REQUIREMENT | Copy all lines below containing "only".
§
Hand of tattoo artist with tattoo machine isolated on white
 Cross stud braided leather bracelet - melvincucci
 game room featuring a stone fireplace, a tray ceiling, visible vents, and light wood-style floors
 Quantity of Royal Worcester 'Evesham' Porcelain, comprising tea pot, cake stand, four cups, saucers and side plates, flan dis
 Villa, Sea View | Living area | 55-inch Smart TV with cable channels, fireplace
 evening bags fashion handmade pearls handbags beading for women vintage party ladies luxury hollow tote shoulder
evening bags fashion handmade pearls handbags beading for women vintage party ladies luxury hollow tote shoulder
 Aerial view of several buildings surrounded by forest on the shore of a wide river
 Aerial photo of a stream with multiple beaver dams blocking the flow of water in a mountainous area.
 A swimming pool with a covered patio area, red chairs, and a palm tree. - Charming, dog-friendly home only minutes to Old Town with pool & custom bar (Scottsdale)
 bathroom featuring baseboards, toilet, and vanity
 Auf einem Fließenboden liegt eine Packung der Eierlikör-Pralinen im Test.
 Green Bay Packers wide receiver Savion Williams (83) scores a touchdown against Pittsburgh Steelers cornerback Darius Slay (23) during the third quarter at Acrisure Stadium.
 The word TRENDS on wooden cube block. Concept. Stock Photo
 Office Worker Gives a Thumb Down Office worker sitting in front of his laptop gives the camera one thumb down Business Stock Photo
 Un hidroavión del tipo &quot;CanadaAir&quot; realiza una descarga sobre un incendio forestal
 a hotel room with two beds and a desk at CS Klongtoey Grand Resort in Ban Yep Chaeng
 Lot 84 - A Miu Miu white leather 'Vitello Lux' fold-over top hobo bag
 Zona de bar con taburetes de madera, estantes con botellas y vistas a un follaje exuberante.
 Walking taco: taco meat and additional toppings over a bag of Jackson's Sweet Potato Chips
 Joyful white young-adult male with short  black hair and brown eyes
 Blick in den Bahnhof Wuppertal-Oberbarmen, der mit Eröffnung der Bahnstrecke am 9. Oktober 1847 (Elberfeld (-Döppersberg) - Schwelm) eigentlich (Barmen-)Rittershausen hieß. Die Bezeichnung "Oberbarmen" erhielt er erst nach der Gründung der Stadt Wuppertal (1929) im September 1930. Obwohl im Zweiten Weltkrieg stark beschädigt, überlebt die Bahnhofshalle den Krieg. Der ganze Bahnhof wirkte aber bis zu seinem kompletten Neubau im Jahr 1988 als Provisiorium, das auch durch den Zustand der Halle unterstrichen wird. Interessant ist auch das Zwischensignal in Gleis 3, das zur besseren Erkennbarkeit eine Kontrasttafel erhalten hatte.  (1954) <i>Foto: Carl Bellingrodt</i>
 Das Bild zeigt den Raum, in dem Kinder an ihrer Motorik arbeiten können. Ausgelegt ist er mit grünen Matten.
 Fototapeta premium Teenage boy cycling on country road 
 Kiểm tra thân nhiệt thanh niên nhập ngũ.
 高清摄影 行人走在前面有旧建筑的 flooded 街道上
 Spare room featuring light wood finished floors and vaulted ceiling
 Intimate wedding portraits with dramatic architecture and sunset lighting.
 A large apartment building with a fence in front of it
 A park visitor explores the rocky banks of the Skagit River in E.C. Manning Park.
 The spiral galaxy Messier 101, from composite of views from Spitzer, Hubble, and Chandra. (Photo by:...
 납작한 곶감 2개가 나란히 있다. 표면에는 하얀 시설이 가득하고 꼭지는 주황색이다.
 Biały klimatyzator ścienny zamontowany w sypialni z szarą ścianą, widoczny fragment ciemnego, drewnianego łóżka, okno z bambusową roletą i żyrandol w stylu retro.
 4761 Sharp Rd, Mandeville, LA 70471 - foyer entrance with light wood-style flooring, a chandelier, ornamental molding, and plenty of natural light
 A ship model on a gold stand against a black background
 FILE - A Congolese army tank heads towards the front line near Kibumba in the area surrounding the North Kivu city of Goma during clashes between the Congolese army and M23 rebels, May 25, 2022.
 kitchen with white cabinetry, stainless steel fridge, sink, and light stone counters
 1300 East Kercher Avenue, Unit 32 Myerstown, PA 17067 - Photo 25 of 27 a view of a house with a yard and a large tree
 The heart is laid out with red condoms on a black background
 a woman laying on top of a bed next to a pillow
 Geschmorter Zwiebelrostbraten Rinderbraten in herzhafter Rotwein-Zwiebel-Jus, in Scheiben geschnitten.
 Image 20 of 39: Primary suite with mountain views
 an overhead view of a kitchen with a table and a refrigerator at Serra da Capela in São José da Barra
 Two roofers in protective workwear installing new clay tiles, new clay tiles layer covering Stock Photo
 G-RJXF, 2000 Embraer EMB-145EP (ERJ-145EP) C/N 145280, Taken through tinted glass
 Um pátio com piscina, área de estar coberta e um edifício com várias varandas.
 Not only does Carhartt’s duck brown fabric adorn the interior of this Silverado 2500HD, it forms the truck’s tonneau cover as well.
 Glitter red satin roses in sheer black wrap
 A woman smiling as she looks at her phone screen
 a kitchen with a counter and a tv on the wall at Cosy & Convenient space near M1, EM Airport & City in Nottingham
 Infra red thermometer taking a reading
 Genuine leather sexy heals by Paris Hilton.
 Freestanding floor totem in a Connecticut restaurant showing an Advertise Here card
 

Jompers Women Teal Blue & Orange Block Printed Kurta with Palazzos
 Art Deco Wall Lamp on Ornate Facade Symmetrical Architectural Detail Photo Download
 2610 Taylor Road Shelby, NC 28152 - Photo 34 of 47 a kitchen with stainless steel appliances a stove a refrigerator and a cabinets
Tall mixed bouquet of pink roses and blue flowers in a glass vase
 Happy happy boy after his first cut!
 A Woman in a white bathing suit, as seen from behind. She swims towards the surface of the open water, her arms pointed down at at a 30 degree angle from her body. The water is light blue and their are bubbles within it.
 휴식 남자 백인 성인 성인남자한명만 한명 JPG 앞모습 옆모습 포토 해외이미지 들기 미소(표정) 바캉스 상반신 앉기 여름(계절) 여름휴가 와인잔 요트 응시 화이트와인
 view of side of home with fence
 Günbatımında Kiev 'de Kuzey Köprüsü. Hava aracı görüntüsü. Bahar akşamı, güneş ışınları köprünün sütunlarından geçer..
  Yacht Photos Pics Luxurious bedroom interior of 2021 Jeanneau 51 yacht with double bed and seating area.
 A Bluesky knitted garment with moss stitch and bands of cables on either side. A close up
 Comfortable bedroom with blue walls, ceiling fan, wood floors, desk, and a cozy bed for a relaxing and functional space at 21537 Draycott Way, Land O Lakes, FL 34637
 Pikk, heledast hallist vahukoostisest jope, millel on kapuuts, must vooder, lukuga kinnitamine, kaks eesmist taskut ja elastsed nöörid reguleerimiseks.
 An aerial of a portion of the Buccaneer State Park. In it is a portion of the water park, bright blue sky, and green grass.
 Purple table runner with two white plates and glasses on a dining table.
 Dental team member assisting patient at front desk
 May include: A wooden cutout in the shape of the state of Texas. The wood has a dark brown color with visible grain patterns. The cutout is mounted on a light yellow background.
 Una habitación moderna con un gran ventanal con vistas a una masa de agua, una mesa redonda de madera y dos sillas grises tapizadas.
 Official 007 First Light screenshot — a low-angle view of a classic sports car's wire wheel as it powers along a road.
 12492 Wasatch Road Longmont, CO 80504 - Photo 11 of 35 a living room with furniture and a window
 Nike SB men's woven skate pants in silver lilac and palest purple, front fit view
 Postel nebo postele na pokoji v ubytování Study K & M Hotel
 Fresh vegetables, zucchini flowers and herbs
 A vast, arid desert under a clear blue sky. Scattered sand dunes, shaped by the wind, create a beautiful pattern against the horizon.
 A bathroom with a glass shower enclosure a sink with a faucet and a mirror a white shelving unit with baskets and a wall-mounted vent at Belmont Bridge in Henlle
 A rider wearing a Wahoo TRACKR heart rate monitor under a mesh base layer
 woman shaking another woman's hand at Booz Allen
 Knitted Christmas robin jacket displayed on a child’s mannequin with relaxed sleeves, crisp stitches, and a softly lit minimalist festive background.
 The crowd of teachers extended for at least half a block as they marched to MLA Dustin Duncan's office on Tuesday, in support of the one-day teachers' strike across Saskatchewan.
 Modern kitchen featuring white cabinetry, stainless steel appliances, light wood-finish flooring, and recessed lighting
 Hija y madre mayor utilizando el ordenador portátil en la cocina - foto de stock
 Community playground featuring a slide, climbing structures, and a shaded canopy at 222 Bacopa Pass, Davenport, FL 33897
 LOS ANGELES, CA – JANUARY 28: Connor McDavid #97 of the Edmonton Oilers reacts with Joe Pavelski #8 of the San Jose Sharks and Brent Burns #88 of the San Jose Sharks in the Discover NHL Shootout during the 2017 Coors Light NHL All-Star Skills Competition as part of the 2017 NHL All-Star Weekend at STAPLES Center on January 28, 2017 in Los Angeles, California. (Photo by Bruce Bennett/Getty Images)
§
EXERCISE RESPONSE |
 A swimming pool with a covered patio area, red chairs, and a palm tree. - Charming, dog-friendly home only minutes to Old Town with pool & custom bar (Scottsdale)
 Not only does Carhartt’s duck brown fabric adorn the interior of this Silverado 2500HD, it forms the truck’s tonneau cover as well.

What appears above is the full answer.